The Island : Armin Greder

The IslandThe Island by Armin Greder

My rating: 5 of 5 stars

There’s a difficulty sometimes when considering picture books and that difficulty is this: they are inescapable. There’s always a level of semiotic interpretation that occurs with a sign, be that sign a word or an image, but I think that the breadth of interpretation narrows when we think about images. If I write the word “cat” for example, what do you think of? A kitten? An adult cat? Sleeping? Jumping? Eating? And what colour is it? Is it alone? With a family? Being stroked?

Now, if I show you a picture of a cat I am showing you something that you cannot easily shift into another context. I am showing you the cat that I see when I write the word, I am showing you my cat. Of course you can then take that image and lay it on top of your image of cat, but I am dictating, however briefly, what I want you to see.

And that, all of that, is something which struck me when thinking about The Island. It is an inescapable book.

It starts with the front cover, that oppressive, dark block of colour, rearing away from you. It’s perspective, yes, but it’s also something else. It almost doesn’t want you to touch it. It is a book that comes with a built in recoil.

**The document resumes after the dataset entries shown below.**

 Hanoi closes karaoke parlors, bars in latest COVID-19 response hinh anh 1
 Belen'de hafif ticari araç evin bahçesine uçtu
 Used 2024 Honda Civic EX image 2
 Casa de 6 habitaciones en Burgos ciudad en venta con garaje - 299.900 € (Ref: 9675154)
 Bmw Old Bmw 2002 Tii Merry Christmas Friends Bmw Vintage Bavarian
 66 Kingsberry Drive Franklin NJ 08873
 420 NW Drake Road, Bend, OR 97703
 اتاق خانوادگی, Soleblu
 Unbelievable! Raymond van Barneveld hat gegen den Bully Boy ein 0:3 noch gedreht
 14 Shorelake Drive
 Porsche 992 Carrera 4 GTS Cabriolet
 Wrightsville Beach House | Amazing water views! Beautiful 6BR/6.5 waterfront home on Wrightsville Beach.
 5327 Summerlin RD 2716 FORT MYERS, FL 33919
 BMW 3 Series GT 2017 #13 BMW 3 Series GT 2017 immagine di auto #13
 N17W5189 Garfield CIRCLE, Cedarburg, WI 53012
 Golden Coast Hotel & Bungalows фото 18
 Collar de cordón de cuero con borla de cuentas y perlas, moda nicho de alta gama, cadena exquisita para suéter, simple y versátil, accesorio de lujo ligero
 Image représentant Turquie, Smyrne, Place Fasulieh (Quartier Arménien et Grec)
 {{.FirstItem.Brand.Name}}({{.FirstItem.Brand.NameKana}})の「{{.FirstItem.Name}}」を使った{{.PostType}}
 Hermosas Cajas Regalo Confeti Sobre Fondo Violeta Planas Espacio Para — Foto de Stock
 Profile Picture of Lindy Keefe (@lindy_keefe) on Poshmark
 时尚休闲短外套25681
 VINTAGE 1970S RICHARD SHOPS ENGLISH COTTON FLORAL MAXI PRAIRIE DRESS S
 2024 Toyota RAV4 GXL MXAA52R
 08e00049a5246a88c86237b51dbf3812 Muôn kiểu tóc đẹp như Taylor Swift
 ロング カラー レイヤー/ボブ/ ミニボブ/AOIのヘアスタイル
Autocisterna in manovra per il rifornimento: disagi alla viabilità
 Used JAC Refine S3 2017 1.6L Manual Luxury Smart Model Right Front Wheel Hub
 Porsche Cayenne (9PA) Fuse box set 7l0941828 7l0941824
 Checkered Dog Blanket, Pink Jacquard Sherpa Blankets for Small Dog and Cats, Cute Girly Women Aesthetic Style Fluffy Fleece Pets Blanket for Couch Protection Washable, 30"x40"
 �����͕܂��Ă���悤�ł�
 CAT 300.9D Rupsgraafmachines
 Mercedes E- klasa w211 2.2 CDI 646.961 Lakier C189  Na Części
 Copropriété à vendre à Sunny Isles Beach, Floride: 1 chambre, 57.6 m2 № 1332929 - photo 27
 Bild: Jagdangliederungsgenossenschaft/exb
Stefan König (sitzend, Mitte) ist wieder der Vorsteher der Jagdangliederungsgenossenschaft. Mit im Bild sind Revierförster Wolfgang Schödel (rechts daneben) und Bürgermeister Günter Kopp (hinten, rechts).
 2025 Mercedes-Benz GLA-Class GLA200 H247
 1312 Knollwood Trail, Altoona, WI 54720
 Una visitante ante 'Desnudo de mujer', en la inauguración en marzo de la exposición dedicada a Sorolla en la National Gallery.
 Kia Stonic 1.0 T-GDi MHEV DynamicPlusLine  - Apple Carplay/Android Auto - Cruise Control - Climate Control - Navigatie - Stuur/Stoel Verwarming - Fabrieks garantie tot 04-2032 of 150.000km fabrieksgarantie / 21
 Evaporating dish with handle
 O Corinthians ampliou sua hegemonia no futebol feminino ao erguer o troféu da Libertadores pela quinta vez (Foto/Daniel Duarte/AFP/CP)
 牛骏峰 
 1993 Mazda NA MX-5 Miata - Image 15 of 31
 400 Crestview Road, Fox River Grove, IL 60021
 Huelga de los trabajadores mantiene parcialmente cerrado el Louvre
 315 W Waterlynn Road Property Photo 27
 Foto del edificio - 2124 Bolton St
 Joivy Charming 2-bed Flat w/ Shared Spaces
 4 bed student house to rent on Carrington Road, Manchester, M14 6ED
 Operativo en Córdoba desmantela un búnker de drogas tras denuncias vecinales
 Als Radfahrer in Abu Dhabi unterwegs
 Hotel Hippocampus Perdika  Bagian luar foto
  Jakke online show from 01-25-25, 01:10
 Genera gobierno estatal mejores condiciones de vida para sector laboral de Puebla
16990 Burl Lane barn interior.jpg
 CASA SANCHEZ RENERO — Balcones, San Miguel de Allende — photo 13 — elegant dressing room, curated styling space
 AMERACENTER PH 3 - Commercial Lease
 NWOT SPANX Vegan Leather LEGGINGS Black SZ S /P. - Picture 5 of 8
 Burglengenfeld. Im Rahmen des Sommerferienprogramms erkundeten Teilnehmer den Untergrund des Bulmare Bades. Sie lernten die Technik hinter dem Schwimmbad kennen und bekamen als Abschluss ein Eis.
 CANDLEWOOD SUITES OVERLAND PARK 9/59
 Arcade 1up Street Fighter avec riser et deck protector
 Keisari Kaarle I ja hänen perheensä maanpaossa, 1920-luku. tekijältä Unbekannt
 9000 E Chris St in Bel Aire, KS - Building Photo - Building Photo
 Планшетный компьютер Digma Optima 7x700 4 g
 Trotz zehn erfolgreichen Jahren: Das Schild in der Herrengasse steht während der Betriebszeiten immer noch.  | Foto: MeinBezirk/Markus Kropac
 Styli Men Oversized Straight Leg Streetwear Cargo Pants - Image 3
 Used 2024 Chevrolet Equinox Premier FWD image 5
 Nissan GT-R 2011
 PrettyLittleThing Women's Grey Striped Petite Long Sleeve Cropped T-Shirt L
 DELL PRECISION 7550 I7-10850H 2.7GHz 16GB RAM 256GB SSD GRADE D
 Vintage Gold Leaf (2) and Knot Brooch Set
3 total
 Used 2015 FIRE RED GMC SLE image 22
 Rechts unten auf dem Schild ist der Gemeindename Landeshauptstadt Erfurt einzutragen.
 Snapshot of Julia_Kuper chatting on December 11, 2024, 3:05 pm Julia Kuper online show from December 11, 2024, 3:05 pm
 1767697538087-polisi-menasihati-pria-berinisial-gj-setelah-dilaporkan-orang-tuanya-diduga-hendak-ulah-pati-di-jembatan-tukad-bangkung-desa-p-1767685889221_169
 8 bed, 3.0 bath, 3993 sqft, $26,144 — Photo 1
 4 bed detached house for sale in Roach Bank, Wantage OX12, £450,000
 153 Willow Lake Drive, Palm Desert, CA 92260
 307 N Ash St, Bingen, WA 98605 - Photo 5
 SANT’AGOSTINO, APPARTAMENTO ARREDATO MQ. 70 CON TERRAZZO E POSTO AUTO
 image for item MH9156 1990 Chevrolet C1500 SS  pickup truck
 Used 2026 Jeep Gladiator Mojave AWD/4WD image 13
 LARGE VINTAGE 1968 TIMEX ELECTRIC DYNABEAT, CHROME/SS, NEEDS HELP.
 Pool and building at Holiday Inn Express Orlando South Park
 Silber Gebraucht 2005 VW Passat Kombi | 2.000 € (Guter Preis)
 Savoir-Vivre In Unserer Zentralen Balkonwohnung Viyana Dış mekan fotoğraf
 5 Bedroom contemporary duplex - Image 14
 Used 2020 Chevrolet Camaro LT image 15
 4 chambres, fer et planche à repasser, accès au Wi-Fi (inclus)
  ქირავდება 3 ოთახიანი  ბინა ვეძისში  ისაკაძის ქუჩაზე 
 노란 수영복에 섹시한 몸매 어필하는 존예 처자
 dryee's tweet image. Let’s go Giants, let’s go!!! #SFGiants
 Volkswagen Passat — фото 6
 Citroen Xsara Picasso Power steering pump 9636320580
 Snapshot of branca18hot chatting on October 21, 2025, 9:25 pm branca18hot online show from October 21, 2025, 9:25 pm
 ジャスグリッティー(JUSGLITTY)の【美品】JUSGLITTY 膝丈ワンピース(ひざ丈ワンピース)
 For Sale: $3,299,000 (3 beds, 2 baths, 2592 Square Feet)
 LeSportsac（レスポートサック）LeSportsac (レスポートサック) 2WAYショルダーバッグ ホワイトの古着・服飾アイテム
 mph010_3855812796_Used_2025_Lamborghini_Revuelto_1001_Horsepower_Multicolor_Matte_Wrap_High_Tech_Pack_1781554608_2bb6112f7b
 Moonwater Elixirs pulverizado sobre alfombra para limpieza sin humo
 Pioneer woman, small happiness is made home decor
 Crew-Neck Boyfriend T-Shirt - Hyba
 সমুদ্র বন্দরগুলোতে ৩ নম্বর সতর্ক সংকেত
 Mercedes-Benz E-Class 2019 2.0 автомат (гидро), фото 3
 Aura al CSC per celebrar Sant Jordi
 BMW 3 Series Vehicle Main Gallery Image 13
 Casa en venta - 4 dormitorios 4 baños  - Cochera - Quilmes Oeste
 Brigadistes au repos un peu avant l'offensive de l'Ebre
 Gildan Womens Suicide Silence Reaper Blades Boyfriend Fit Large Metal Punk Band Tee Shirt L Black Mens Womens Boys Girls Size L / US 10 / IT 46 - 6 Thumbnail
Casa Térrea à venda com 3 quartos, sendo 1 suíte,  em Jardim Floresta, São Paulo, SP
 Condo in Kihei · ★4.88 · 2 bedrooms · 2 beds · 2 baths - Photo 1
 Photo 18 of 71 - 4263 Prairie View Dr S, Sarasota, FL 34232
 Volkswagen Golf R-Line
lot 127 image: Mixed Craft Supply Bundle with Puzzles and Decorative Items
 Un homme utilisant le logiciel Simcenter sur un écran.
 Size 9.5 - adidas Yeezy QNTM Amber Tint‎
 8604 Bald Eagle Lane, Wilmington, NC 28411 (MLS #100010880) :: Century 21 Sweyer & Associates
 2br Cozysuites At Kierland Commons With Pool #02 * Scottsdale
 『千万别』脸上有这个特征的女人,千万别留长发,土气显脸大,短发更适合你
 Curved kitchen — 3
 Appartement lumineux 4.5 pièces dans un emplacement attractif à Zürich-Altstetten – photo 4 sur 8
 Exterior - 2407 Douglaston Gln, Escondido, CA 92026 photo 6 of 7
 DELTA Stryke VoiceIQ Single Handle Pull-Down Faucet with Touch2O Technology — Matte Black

Ironic, really, when we finally open it up and see what’s inside. It is the story of a man who is shipwrecked on an island. The pages are full of white space, rolling acres of it that in this case act as a focaliser. There is nowhere else for us to look so we look at the man. The man who “wasn’t like them.” We look at him, his silent nudity, and we try to find this difference that is written in the text in him.

It is not there.

And so, as we realise the intense futility and awfulness of this story and what is about to happen, we are locked in the role of passive onlooker. We cannot change what is about to happen, we cannot tell the islanders to stop – being – so – wrong – and we cannot do anything but watch. And we can’t walk away. That’s the thing about this book – it doesn’t let you go. It is the most uncomfortable and inescapable and brilliant of things.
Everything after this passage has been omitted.